Neural Machine Translation or NMT is known for its exceptionally high-quality translation. Being the latest in the line of machine translation systems, NMT definitely proves its superiority and is poised to revolutionise the way the translation industry currently functions.
However, like all systems, Neural Machine Translation requires ongoing feedback and corrections to ensure the continued production of high-quality results. The most common evaluation method used for NMT today is Bilingual Evaluation Understudy (BLEU). However, BLEU is an outdated method that has also been applied to some of the older machine translation systems. Though it made sense back then, NMT is simply too advanced for BLEU.
Quality Translation systems Need Quality Evaluation Methods
Neural Machine Translation is in dire need of a better evaluation approach. It is important because NMT is gradually becoming the industry standard and changing the way translation processes are carried out. Like any piece of majorly disruptive technology, even machine translation systems pose an impact on technically trained staff, sales, marketing and project management.

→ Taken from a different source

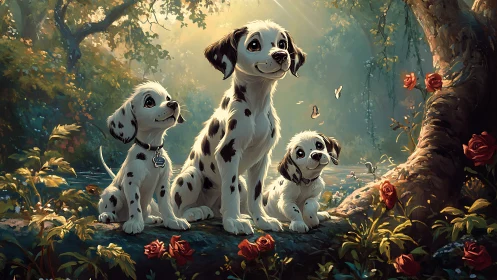 Sweet dalmatian family enjoying a sunlit forest pause.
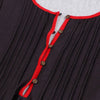 Plus Size Floral Women Shirt Round Collar Button Bell Sleeve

The “outdated” BLEU system became the standard as it works well with the previous machine translation system and being widely available. However, with NMT, the developments (especially in design) have been significant, rendering BLEU completely ineffective at quantifying the quality of output.
BLEU is what the industry refers to as an “n-gram-based metric system”. The system shows its incompetence when it comes to assessing the capabilities of NMT over other machine translation systems, such as SMT or RBMT. Current research shows that NMT, despite possessing greater capabilities over earlier machine translation systems, manages to receive only two BLEU points more.
NMT is a character-level translation system and a software in the same level is required for evaluation. The ChrF evaluation approach, proposed by Maja Popovic, is an suitable option.
However, as the days progress, we might actually witness the standardisation of NMT quality assurance becoming more fragmented, similar to what we currently see in the demand for NMT. Practitioners will soon begin to come up with proprietary evaluation methods that are specific and relevant to their own needs. Metrics based on named entities, machine learning and custom QA systems may soon become available. It is also believed that multiple evaluation methods may be used in combination. NMT is the new “state-of-the-art,” and eventually, evaluation systems designed to handle the paradigm shift will show up.